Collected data
▼
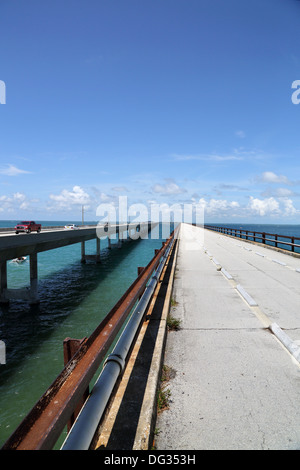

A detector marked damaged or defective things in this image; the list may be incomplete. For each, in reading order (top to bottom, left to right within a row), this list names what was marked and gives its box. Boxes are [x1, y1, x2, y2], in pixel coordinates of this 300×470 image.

rusty metal guardrail [1, 229, 177, 450]
rusty metal guardrail [205, 224, 300, 253]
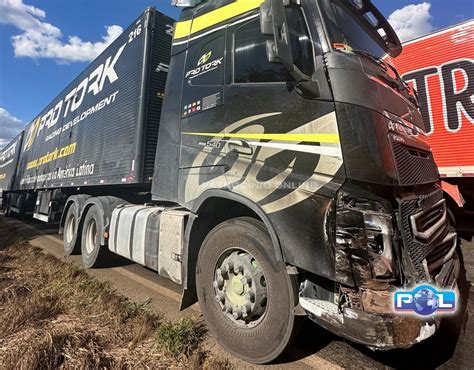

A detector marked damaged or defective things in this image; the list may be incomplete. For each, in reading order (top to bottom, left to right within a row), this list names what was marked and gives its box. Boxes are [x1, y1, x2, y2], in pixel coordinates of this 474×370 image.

broken headlight [336, 191, 398, 284]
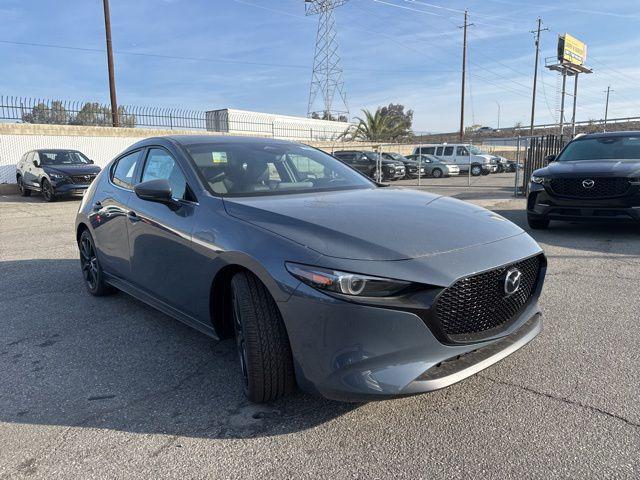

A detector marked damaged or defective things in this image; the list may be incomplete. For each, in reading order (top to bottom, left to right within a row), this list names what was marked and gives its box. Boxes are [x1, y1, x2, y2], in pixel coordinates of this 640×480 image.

crack in pavement [478, 374, 636, 430]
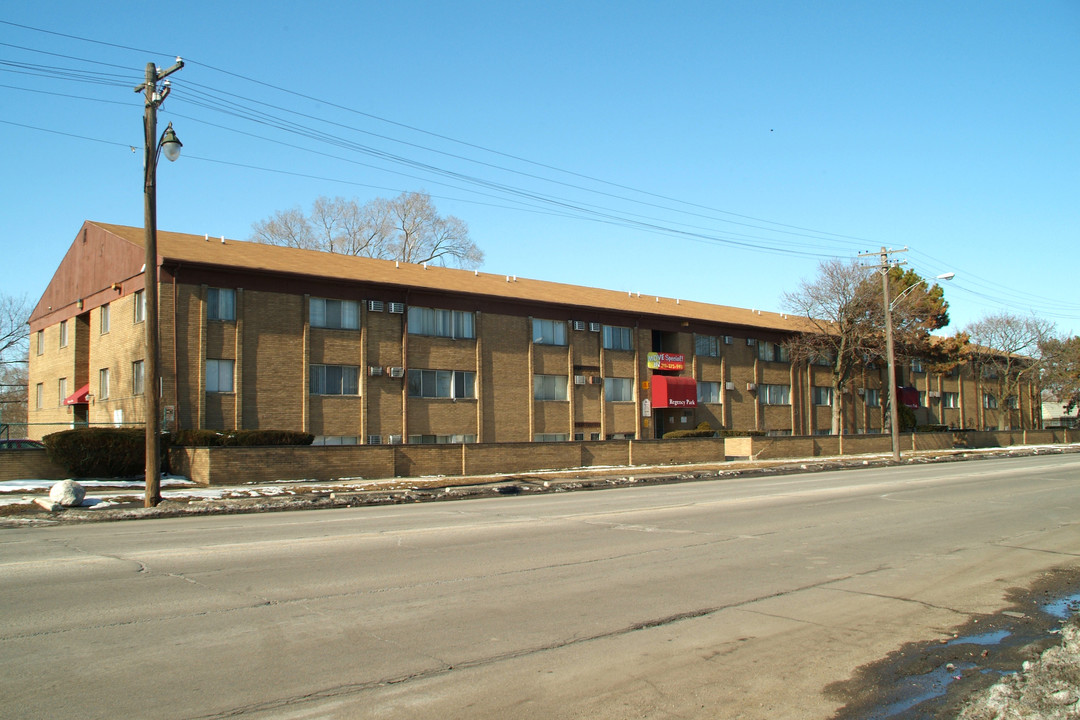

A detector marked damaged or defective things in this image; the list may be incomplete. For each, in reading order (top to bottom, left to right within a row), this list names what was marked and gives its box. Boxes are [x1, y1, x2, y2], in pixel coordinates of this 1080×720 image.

cracked asphalt road [2, 452, 1080, 716]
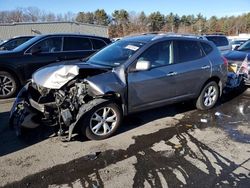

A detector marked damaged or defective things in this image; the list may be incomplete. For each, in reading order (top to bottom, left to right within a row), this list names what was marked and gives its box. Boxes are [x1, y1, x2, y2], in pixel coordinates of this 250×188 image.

crushed hood [32, 64, 79, 89]
damaged nissan rogue [9, 33, 229, 140]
▲
§ Task details: Output all data exactly, omitting images.

§ Written solution:
A detector marked damaged or defective things in this image; the list may be incomplete. For each, in reading order (top to bottom, left to right within a row), this list names what was marked and gives its box. Boxes are [x1, y1, x2, y2], in pixel coordinates of this 300×470 image.

rusty metal guardrail [1, 229, 177, 450]
rusty metal guardrail [205, 224, 300, 253]

A detector marked damaged or defective things in this image; the list may be incomplete. For each, in reading order (top to bottom, left to right within a row), this list names what was marked and gives its box. Boxes are [x1, y1, x2, y2], in pixel coordinates of this 474×370 image.

broken headlight [336, 191, 398, 284]

A detector marked damaged or defective things in this image; the list may be incomplete. For each, in reading order (top to bottom, left to right within a row), this list names what was marked and gives its box. Boxes are [x1, y1, x2, y2], in pixel coordinates of this 640×480 image.

crack in pavement [478, 374, 636, 430]

A detector marked damaged or defective things in this image; the list may be incomplete. For each, in reading order (top to bottom, left to right within a row), this list names what was marked and gives its box. Boxes are [x1, y1, x2, y2], in pixel coordinates of this 1080×720 image.

cracked asphalt road [2, 452, 1080, 716]

A detector marked damaged or defective things in this image; the list may be incomplete. For each, in reading order (top to bottom, left to right within a row), this list names what was marked and gives its box. Boxes are [x1, y1, x2, y2], in pixel coordinates of this 250×188 image.

crushed hood [32, 64, 79, 89]
damaged nissan rogue [9, 33, 229, 140]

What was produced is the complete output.